> _Action item_: Quote exactly the lines from the one with "ALPHA-PVP Абдулино" to the end of the data, both included; omit the pictures.

> _Input for this task_:
[Start of section]
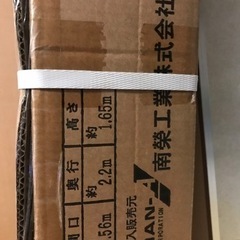 確定！☆未開封新品　サイクルハウス　自転車3台タイプ　南栄工業製　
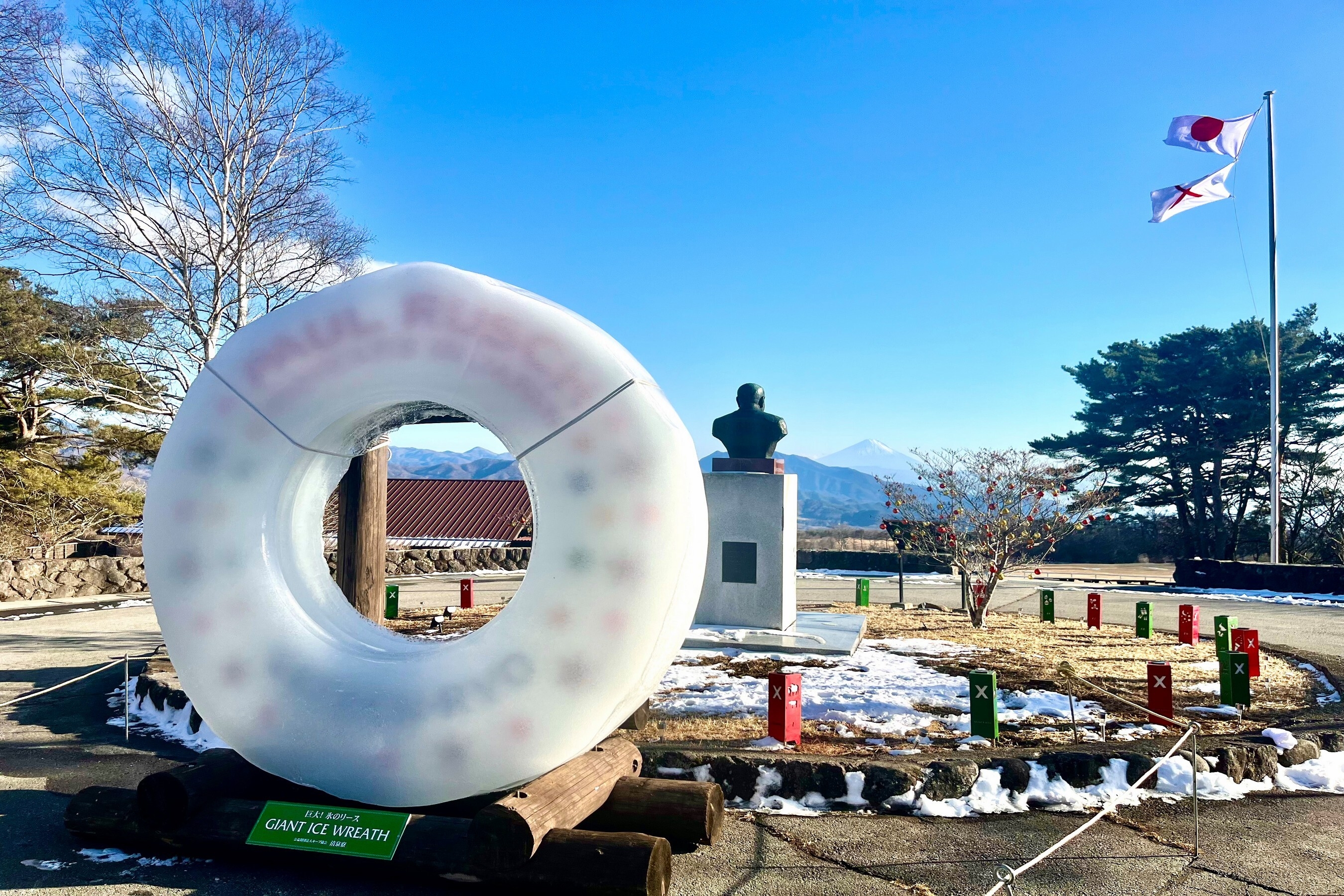 清里・清泉寮の巨大氷リース、見に行こう
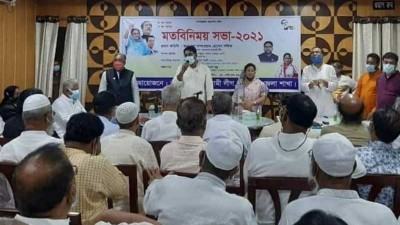 কুড়িগ্রামে জেলা আওয়ামী লীগের মতবিনিময় সভা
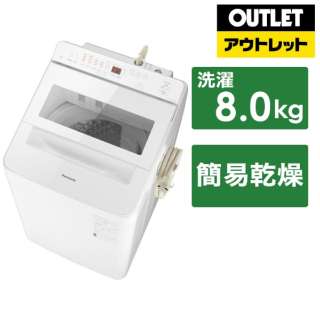 【アウトレット品】 全自動洗濯機 FAシリーズ ホワイト NA-FA8K1-W [洗濯8.0kg /簡易乾燥(送風機能) /上開き] 【生産完了品】
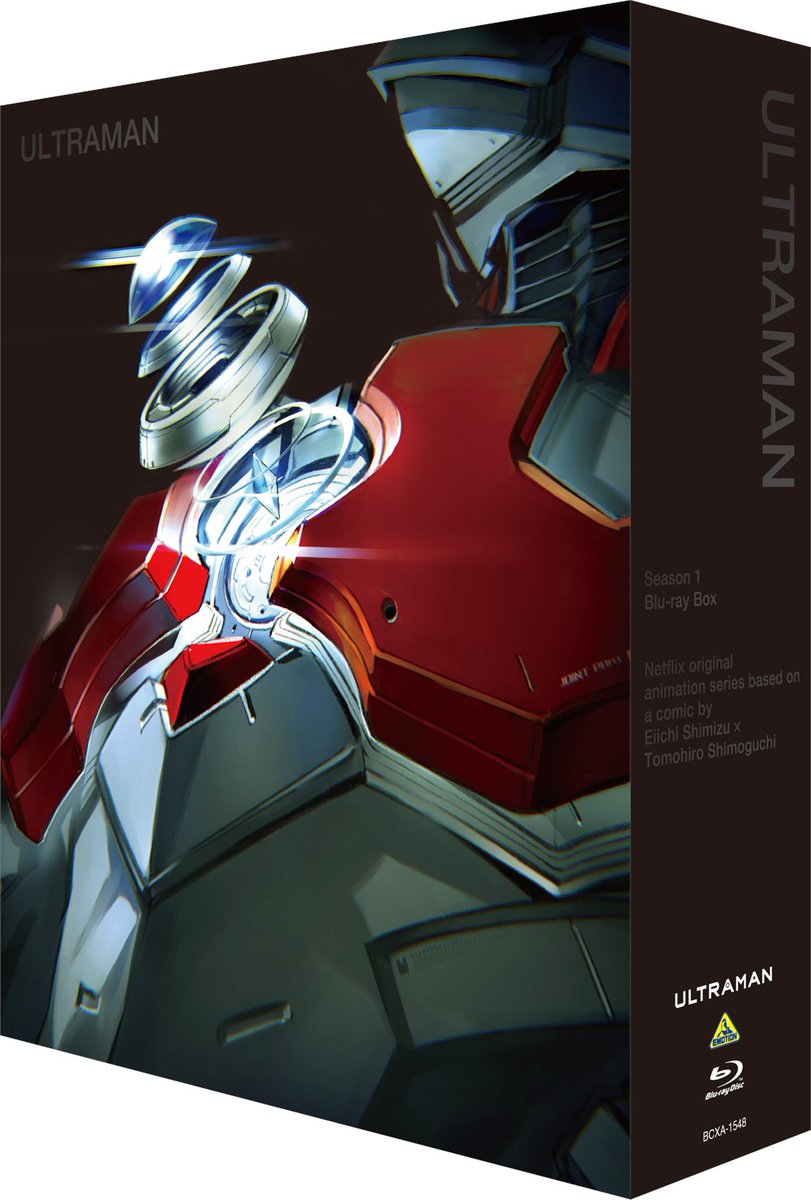 Ultraman 漫画 アニメ公式 8月27日 木 発売 アニメ Ultraman Blu Ray Box 原作者描き下ろしコミックなど 豪華特典満載 アニメ制作の極意をおさめた Original Booklet B Type は Limited Edition 限定 是非 コンプリートしてみてはいかが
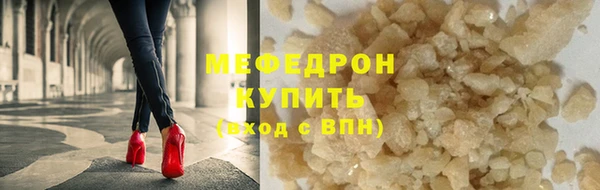 ALPHA-PVP Абдулино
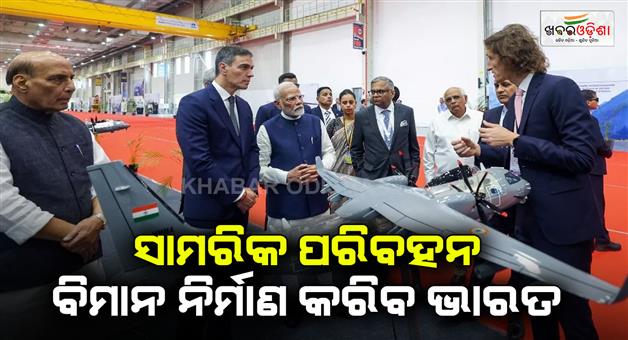 Khabar Odisha:Military-transport-aircraft-will-be-manufactured-in-India-for-the-first-time-with-the-help-of-airbus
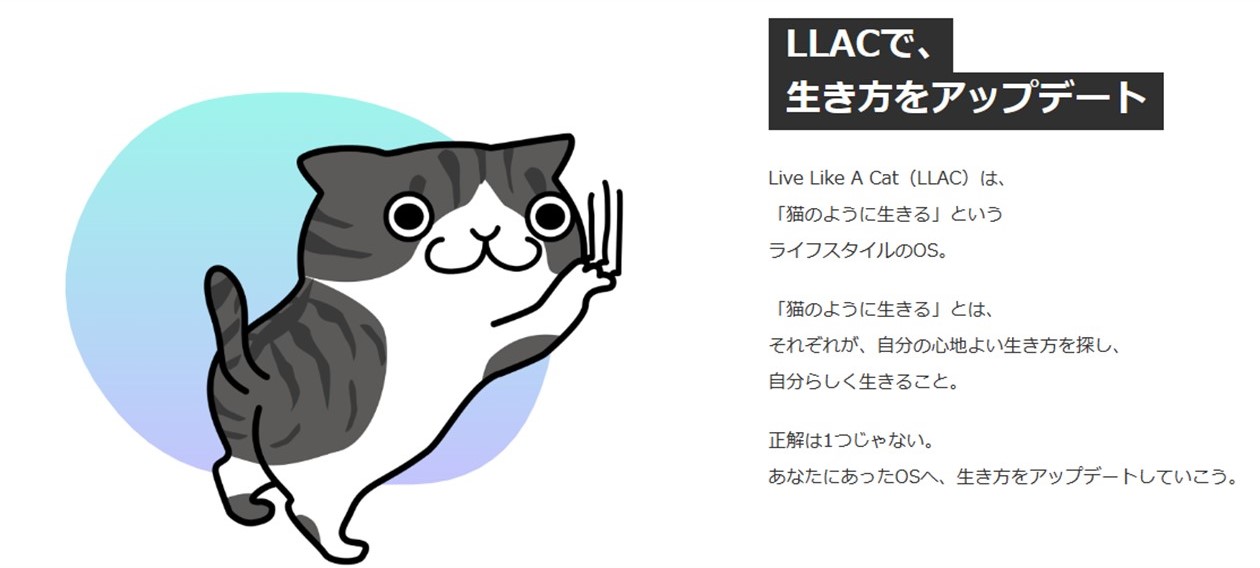 LLACのコンセプト（LLAC公式サイト）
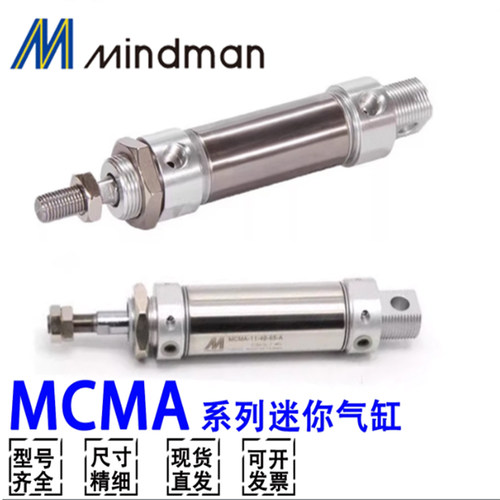金器MINDMAN气缸MCMA-11-16-20/25/30/35/40/50/60/75/80/100A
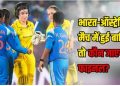 भारत-ऑस्ट्रेलिया वर्ल्ड कप सेमीफाइनल पर बारिश का खतरा! अगर नहीं हुआ मैच तो किसे मिलेगा फाइनल का टिकट? जानिए पूरा समीकरण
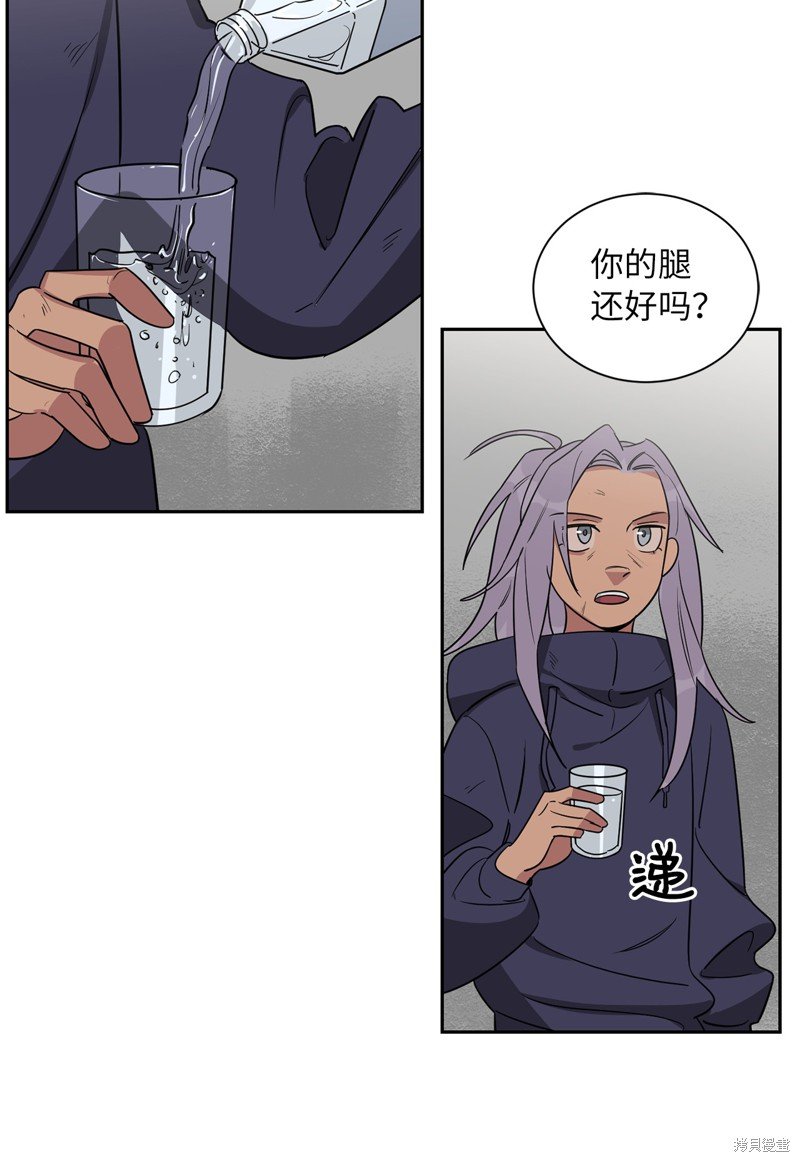 第45话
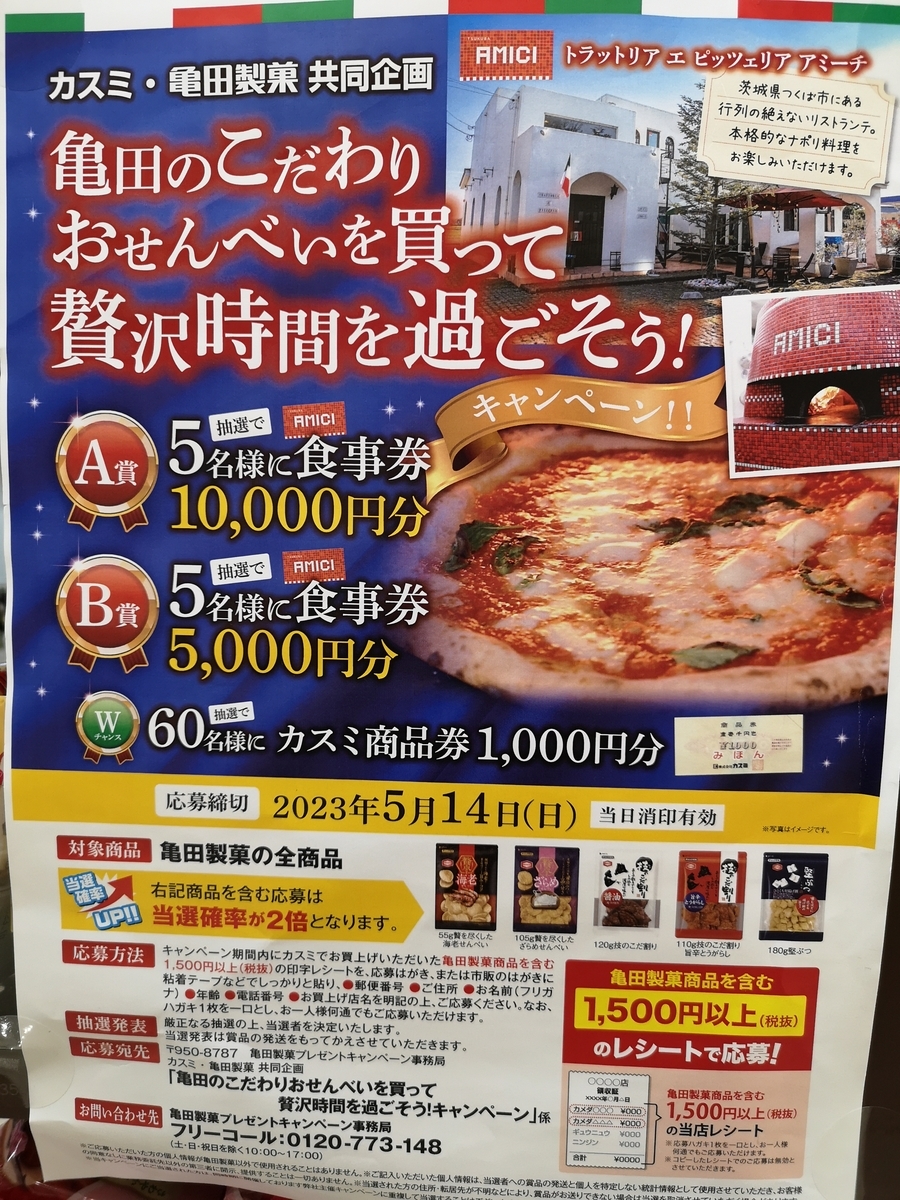 カスミ×亀田製菓 亀田のこだわりおせんべいを買って贅沢時間を過ごそう!キャンペーン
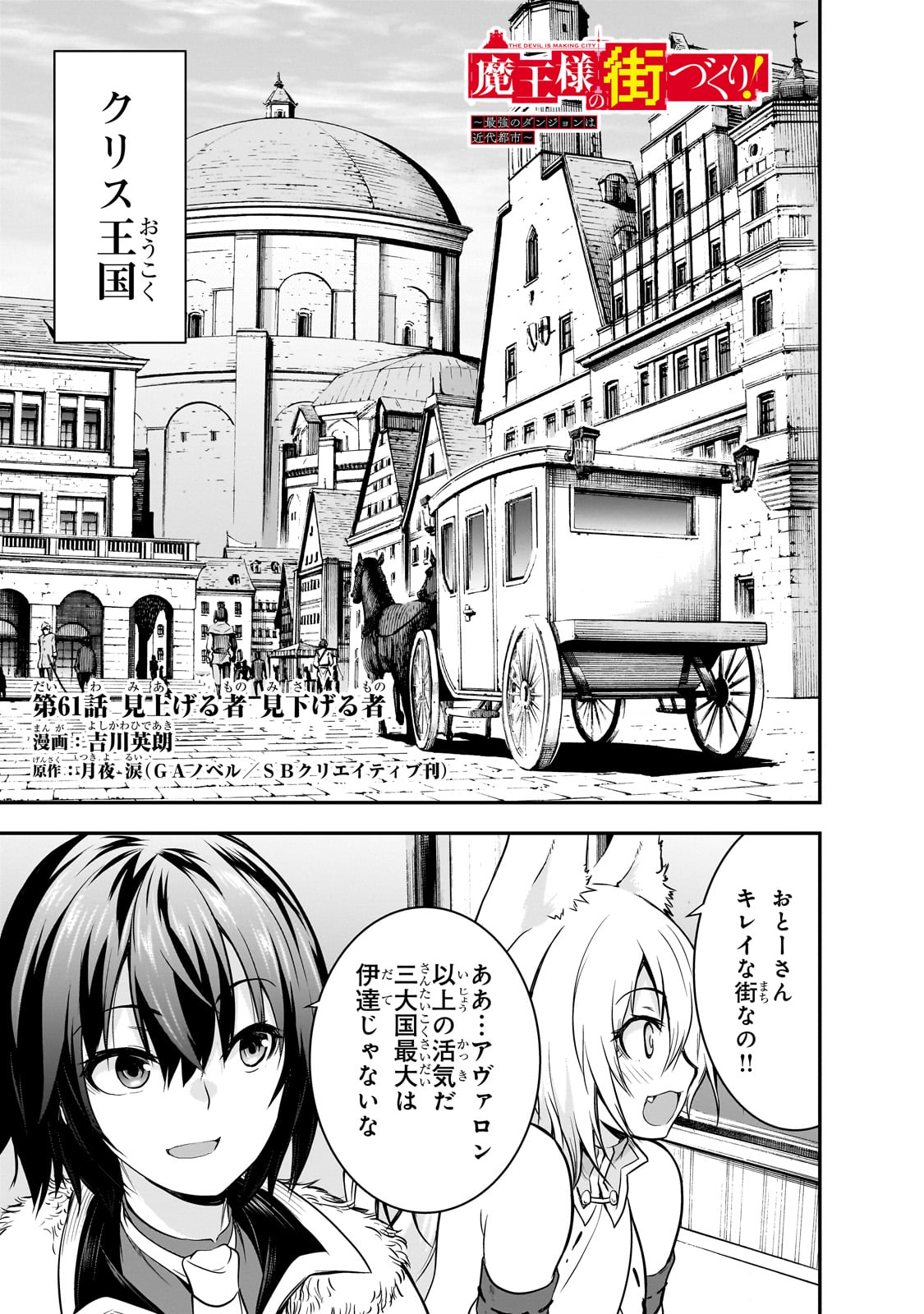 Maou-sama no Machizukuri! - Saikyou no Danjon wa Kindai Toshi Chap 61 - Next Chap 62
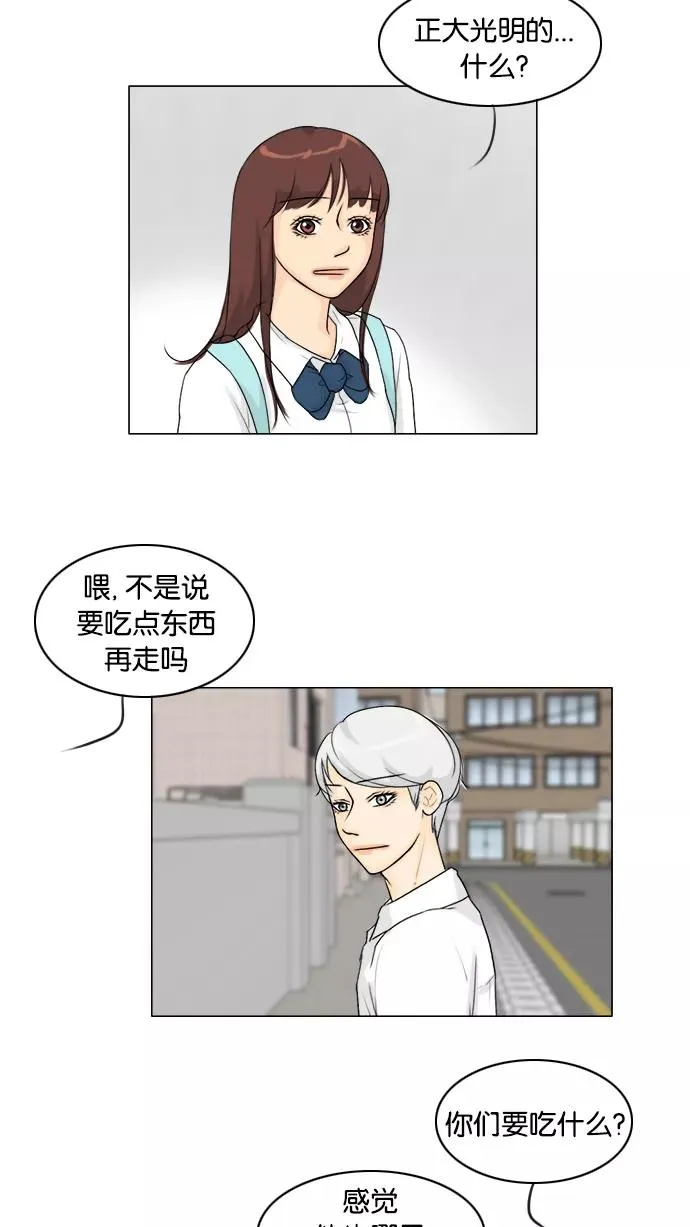 第94话 第20页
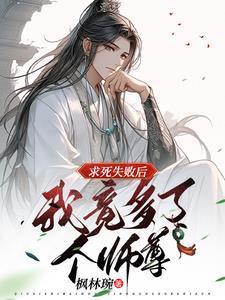 师尊你别动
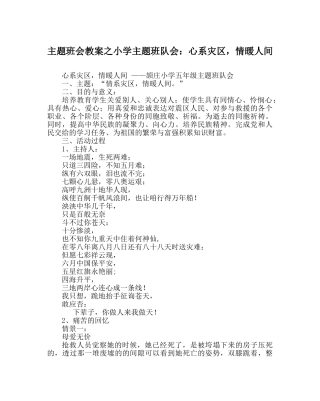 主题班会教案小学主题班队会：心系灾区，情暖人间 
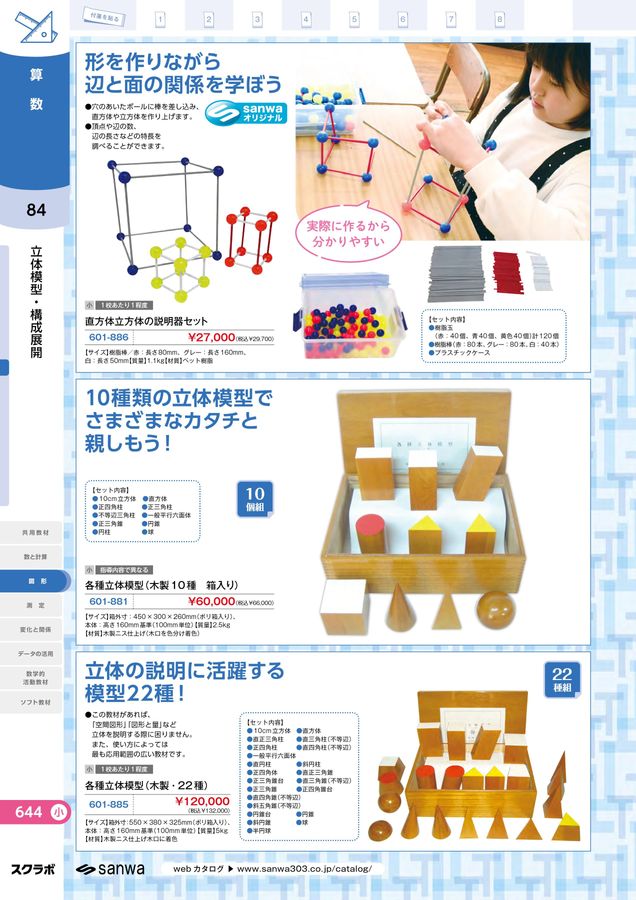 スクラボ8_小学校版 スクラボ8_小学校版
[End of section]
> _Finished exercise_:
 ALPHA-PVP Абдулино
 Khabar Odisha:Military-transport-aircraft-will-be-manufactured-in-India-for-the-first-time-with-the-help-of-airbus
 LLACのコンセプト（LLAC公式サイト）
金器MINDMAN气缸MCMA-11-16-20/25/30/35/40/50/60/75/80/100A
 भारत-ऑस्ट्रेलिया वर्ल्ड कप सेमीफाइनल पर बारिश का खतरा! अगर नहीं हुआ मैच तो किसे मिलेगा फाइनल का टिकट? जानिए पूरा समीकरण
 第45话
 カスミ×亀田製菓 亀田のこだわりおせんべいを買って贅沢時間を過ごそう!キャンペーン
 Maou-sama no Machizukuri! - Saikyou no Danjon wa Kindai Toshi Chap 61 - Next Chap 62
 第94话 第20页
 师尊你别动
 主题班会教案小学主题班队会：心系灾区，情暖人间 
 スクラボ8_小学校版 スクラボ8_小学校版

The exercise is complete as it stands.